In [4]:
import requests
import gzip
import json
import os
from datetime import datetime, timedelta
import time
import logging

# Configure logging
logging.basicConfig(
    level=logging.INFO,
    format='%(asctime)s - %(levelname)s - %(message)s',
    handlers=[logging.StreamHandler()]
)

def fetch_filtered_movie_ids(output_dir="data", min_popularity=0.1, max_retry_days=3):
    """
    Fetches and filters TMDB's daily export to get ONLY movie IDs
    Returns: list of movie dictionaries with metadata
    """
    os.makedirs(output_dir, exist_ok=True)
    valid_movies = []
    
    # Try recent dates
    for days_back in range(max_retry_days):
        date_str = (datetime.now() - timedelta(days=days_back)).strftime("%m_%d_%Y")

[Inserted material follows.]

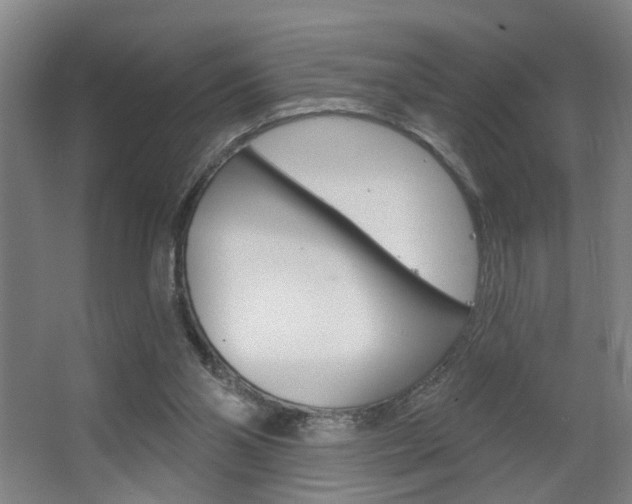 X0000063480110200601201035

        url = f"https://files.tmdb.org/p/exports/movie_ids_{date_str}.json.gz"
        raw_path = os.path.join(output_dir, f"raw_movies_{date_str}.json")
        
        try:
            logging.info(f"Downloading {url}")
            response = requests.get(url, timeout=30)
            response.raise_for_status()
            
            # Decompress directly in memory
            decompressed = gzip.decompress(response.content).decode('utf-8')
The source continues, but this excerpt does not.